- _Given information_:
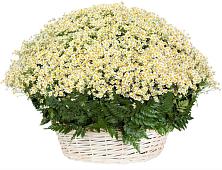 Цветочная композиция из Ромашки в корзине #REPLACE_PRED# Розовке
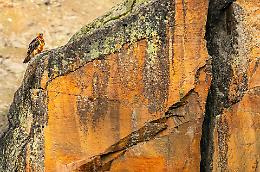 I gipeti tornano a volare e nidificare in Valle Orco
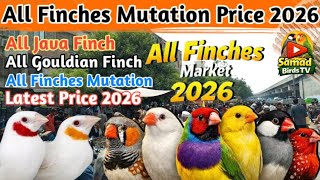 All Finches Market Update 2026 | Finches Price Update🔥 | All Java Finch, Gouldian Finch Latest Rates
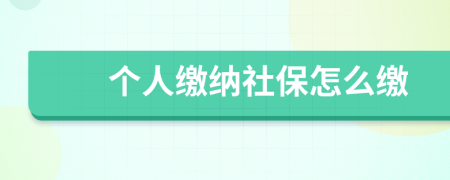 个人缴纳社保怎么缴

- _Task prompt_: Write out every line above again exactly, with the pictures left out.

- _Solution for this problem_:
 Цветочная композиция из Ромашки в корзине #REPLACE_PRED# Розовке
 I gipeti tornano a volare e nidificare in Valle Orco
 All Finches Market Update 2026 | Finches Price Update🔥 | All Java Finch, Gouldian Finch Latest Rates
 个人缴纳社保怎么缴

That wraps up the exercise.